# Best 4x4 / pick-up for use in canada?



## jbyr (Jan 6, 2010)

I know there must be great debate over in canada about 4x4 and pick-ups and SUV's.

I just wanted to know everyones idea or opinion of which was the best and best equipped for the harsh canadian winter and the sometimes long drives you have to make.

Please put as much detail and reason behind your choice as you like or even insert a link to support your theory.

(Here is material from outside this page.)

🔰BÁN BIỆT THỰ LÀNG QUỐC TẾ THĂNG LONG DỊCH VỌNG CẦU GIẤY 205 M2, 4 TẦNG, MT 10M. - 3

Another idea is to pick two one older and one new?? maybe


----------



## MandyB (Jan 14, 2010)

Most Canadian vehicles have summer and winter tyres, which makes a real difference but the snow clearing and gritting of the roads is exceptionally well organised so no real problems unless you travel into the wilderness.
Go for 'domestic' vehicles such as GMC and Chevrolt as they have block heaters, command starts and cheaper repair & part costs.
Depending on where you live - city or rural - will make the choice for you. We live on an acreage so need 4x4 to get out of the drive when the snow fall is heavy but once on the main roads it is easy driving.
Your choice of vehicle really depends on what you need it for, where you will live and how many people you need to transport.
Hopes this helps a bit.


----------



## NickZ (Jun 26, 2009)

Where in Canada? In some bigger cities you'll barely need all season tires. In rural areas you'll need snow tires.

Winter isn't exactly a rare event in Canada so most city road crews can handle a normal winter.

New versus old? Are you handy? An older truck is fine if you don't mind grease under your nails. Most of the newer SUVs are designed to get the kids to school while looking good. 

NB a pickup with an empty bed 4x4 or not can be a horrible choice. The weight balance means no weight over the rear wheels if you aren't hauling stuff.


----------